Complaints & Greivances

I prepared myself for a lot of things before coming here. I had visited before and thought I knew most of what I was going to have to adapt to. Boy was I wrong!

Linkin Parks' Somewhere I Belong sums up my feelings quite well today. (My commentary in purple.)
When this began, -This move to India
I had nothing to say and -I kept my mouth shut and just watched and observed and learned
And I'd get lost in the nothingness inside of me -I was quite uncertain about a lot
(I was confused) Didn't realize it then, but yes I was definitely confused
And I let it all out to find/that I'm -both on this blog and in the pardesi community
Not the only person with these things in mind (inside of me) -there are tons of us realizing the same thins
But all the vacancy the words revealed -meaning things we expected turned out not to be true
Is the only real thing that I got left to feel.(nothing to lose)
Just stuck, hollow and alone -I am more alone living in this joint family than I've ever been
And the fault is my own, -yes it is. I am responsible for my own decisions. I don't regret coming here
And the fault is my own. but I wish I had been better prepared
----skipping the chorus
And I've got nothing to say -okay, not true I'm actually more vocal when I'm pissed
I can't believe I didn't fall right down on my face -true! moving here is like starting your childhood over
(I was confused)
Looking everywhere only to find That it's
Not the way I had imagined it all in my mind -India is definitely not what a gori is typically led to believe
(So what am I?)
What do I have but negativity? -That is about all that's left of my feelings for this city
'Cause I can't justify the way everyone is looking at me.(Nothing to lose) -truthfully I don't care about all the rude, mannerless people that stare and they can look at me however they want. I have a life that doesn't involve them or their feelings towards me. Must suck that they can't find anything better to do than stare.
Nothing to gain, hollow and alone
And the fault is my own,
And the fault is my own

I will never know
myself until I do this on my own -this is the one good thing that has come of this move and why I don't regret it. I have found parts of me that I needed to find. I've found a strength I didn't know I had and proved to myself just how stubborn and determined I can be. If you can imagine, I really didn't know I was stubborn before coming here. Now I own it like it's a diamond.
And I will never feel,
Anything else until my wounds are healed -that's the case with any scenario in life. You have to face it, deal with it, learn to keep living.

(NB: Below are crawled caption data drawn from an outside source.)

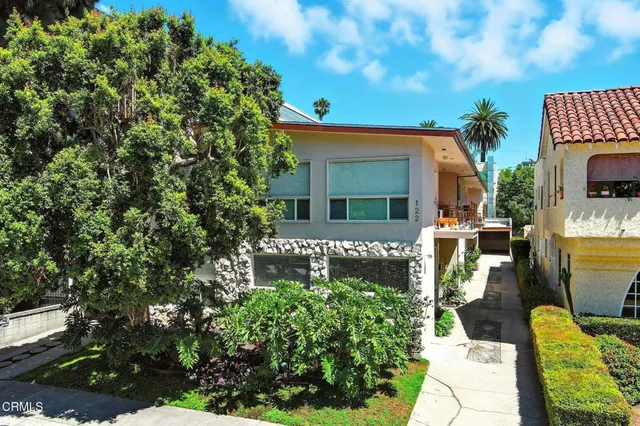 $3,200,000 | 122 North Croft Avenue, Los Angeles, CA 90048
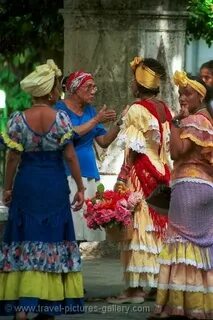 Pin on ropa tradicional de los países españoles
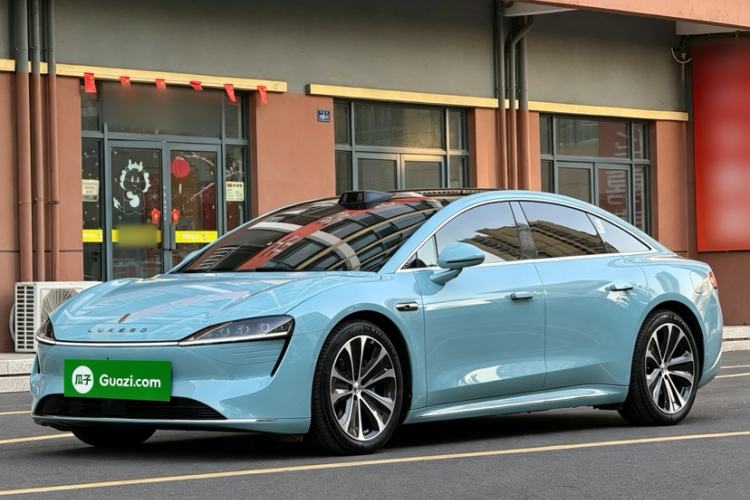 Hima Luxeed S7 2025 855 km Max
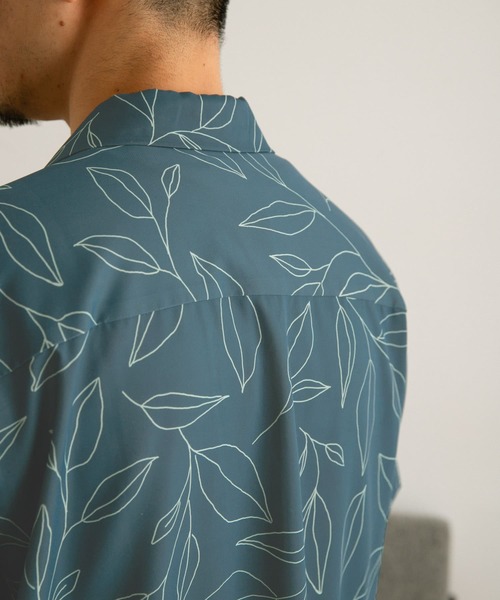 ITEMS URBANRESEARCH（アイテムズ アーバンリサーチ）の「リーフプリント オープンカラー半袖シャツ（シャツ/ブラウス・メンズ・ベージュ/ネイビー/グリーン・MEDIUM/LARGE）」の13枚目の写真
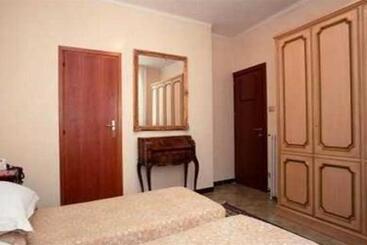 هتل Minerva E Nettuno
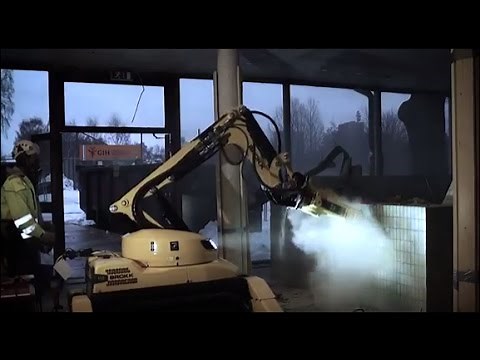 ¡Así funciona el robot de demolición Brokk 110!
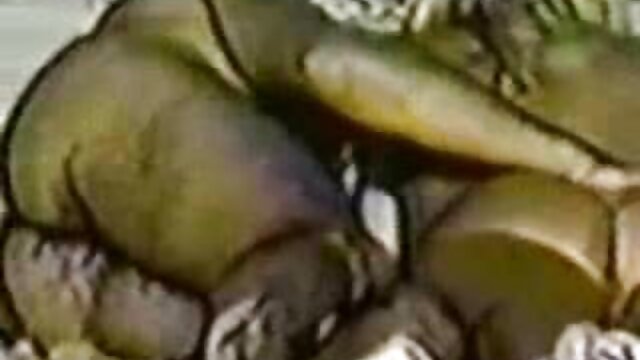 ستاره برادر خواهر سکس تعقیب و دوست او دریافت یک لقمه از تقدیر!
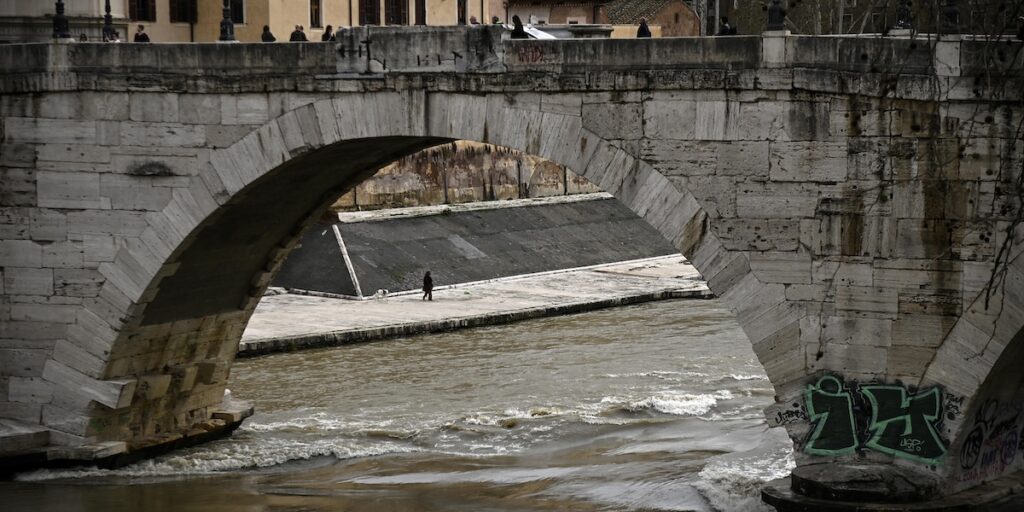 Allerta arancione per maltempo in cinque regioni italiane, rischio frane e inondazioni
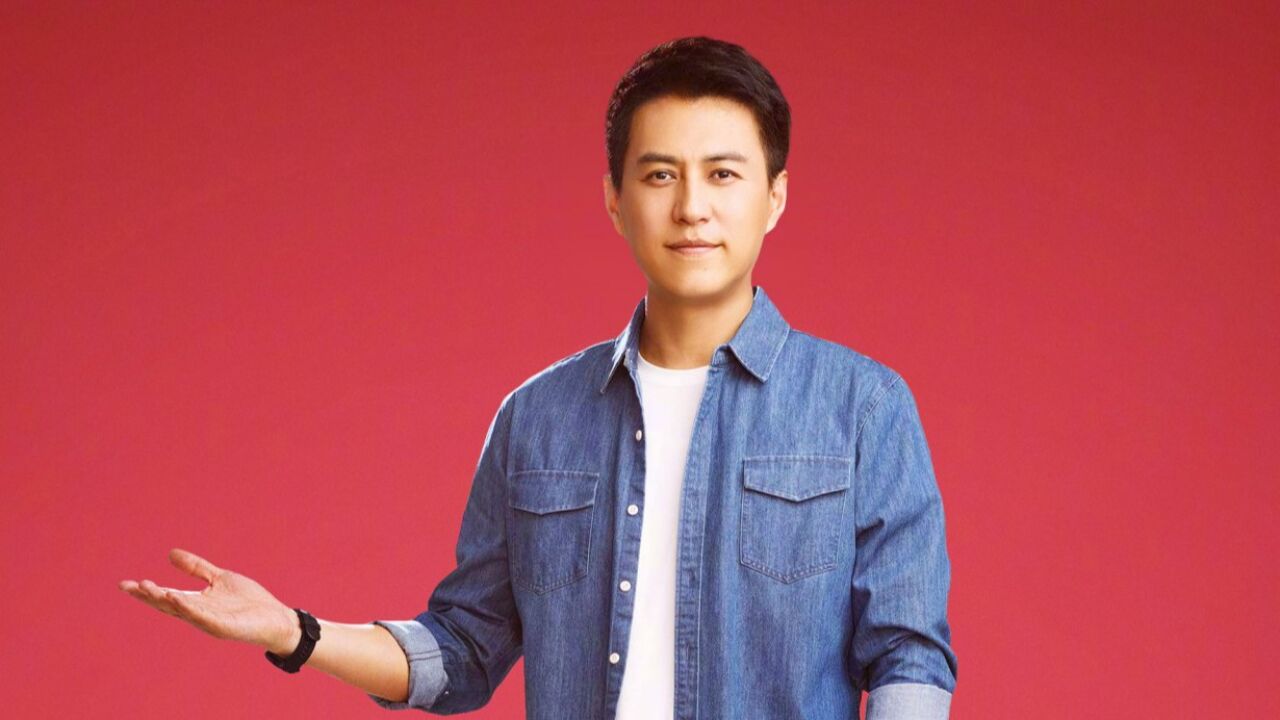 老干部靳东采访金句频出,建议年轻人不要躺平,否认自己是显眼包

Now on to the complaints and grievances I have. These are all things I don't think anyone could ever fully be prepared for when coming here.
  1. Loud speakers - I swear little old ladies and young men should NOT be allowed to own these. If you can't hold a note please don't blast your singing to the entire neighborhood. It's not only rude but it's extremely irritating. Where I'm at someone in the neighborhood blasts a loud speaker at least twice a week. Sometimes its more than one person at a time. It's torture. Listen to this video to hear what I mean. There is no actual video, I didn't want to point the camera at this woman because that's rude. Keep the video bookmarked in case you have anyone you need to torture. 
  2. Selfishness - I was not prepared at all for how selfish people here are. This country is supposed to be a unified, all people share a bond type of country. Well, let me assure you that no one shows consideration for anyone else when they are going through their daily life. They do whatever they want when they want without the slightest concern of how it will affect others. The selfishness in this city is much more extreme than anything I've ever experienced. I'm not the only one, plenty of other gori's experience the same thing so this isn't just an Amritsar phenomenon.(Yes, Americans can be selfish but you're going to have to trust me, this is so much different. There's virtually no common courtesy of any kind here.) 
  3. Negativity - I know all people can be negative and I'm certainly no different. Before coming I was fully aware that people here make blatantly negative comments about weight, blemishes and anything they deem as different as if it's normal. I naively assumed that was not much different from the normal gossip and drama that goes on everywhere. I was wrong. After 14 months of constant bombardment with negativity about every tiny detail of life I can safely assure you that people here are much more negative than the worst Debbie Downer you know. 
  4. You can't be nice here - It just doesn't work. In the west it's common for men to hold the door open for a woman if they see her heading that way. They don't have to know her. Women do the same when out with friends, one always gets the door. If they see a woman with a stroller they help her. It's basic human compassion. Here, if you try to be nice that way you get walked all over and taken advantage of to the extreme. Try holding a door here and see how many people will walk through it without even acknowledging your existence. It gets worse, if you open it for yourself and someone is anywhere near it they will try to push through before you can thus forcing you to hold the door for them like you're their slave. You give someone something and they come back asking for more like you're their newest supplier - only they want it for free. People just don't know how to react to kindness of any sort, they see it as a sign you want to be taken advantage of. This is difficult for a well trained southern woman to get used to and having to hold back all the niceness makes me feel like a rotten person.

9 comments:

  1. The lack of common courtesy and selfishness are the two things that stroke me the most, especially hearing concervative people point at the west and saying how we are individualisitc and uncaring and cold and that is nothing like India where they have strong morals, a community system and family values...8.5 years in the country I spent, and this whole speech about India being more caring and having more values is total and utter BULLCRAP
    I've never seen so little care about others being given, so little courtesy, disrespect of others and properties and environement are just right smack in your face the whole time, and yup as you said, don't be nice and hold the door for someone because you'll end up holding it the whole day without people even thanking you!
    And don't get me started about families! My I've never heard so much bad gossip and back stabbing going in families! I don't care about the fact things are crude here but I hate seeing people go on and criticise a culture most of them have never even been remotely exposed to in real life (TV doesn't count as exposure) and pronounce it less moral and valued and perfect than India...sweep in front of your door fisrt people, but then that leads to the one big massive flaw that irks me the most in India: The art of making excuses and put the blame on others. I've never seen a country in whcih the art is pushed to that an extreme.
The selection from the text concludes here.